You're having a hissy fit because they're breaking some non-existent "rule" and being condescending because someone dared to point out said "rule" doesn't exist.

The only thing they've establish is there are multiple Earths. Some have identical counterparts. Some don't.





Once again: I never said it was an unbreakable rule, nor am I asserting that they cannot or should not change it. I am merely commenting on the fact that they have followed a pattern up to this point that they are no longer following. Commenting on a thing does not require taking an ideological stand on it. Observation is not judgment. First one has to accurately describe reality before one can formulate an opinion one way or the other.

In science and reason, you base your model only on the available evidence, and freely amend or abandon that model when new evidence contradicts it. It is certainly wrong to assume that your current model is inviolable for all time and that any further evidence must be rejected -- but that does not mean it is an "assumption" to formulate a model in the first place. It's an extrapolation from the data, a working guideline to use as long as it remains useful, i.e. until new data conflicts with it and requires it to be changed. As long as you don't mistake it for an inviolable article of faith, as long as you change it as needed to fit the facts rather than the reverse, then you're fine.

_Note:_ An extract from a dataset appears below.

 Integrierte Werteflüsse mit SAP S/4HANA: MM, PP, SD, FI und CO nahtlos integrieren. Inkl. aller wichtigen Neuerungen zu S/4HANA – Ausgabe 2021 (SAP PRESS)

So the statement that all onscreen doppelgangers up to this point have been identical to their counterparts is merely a correct description of the data. Back when 100% of doppelgangers were identical, it was reasonable to use the model "doppelgangers are identical and contemporaneous with their counterparts (as far as we know)." Last year, when Elseworlds canonized the 1990 The Flash as Earth-90, this implicitly established the existence of at least a few non-identical, non-contemporaneous doppelgangers, but they were rare exceptions to the overall pattern, so the overall model still held with minor modification ("most doppelgangers are identical and contemporaneous"). Now, however, the data from Crisis on Infinite Earths require a major change to the model -- doppelgangers are often non-identical and non-contemporaneous, possibly even more often than not. Acknowledging that we need to adjust our model is not complaining or protesting or denying -- just the opposite.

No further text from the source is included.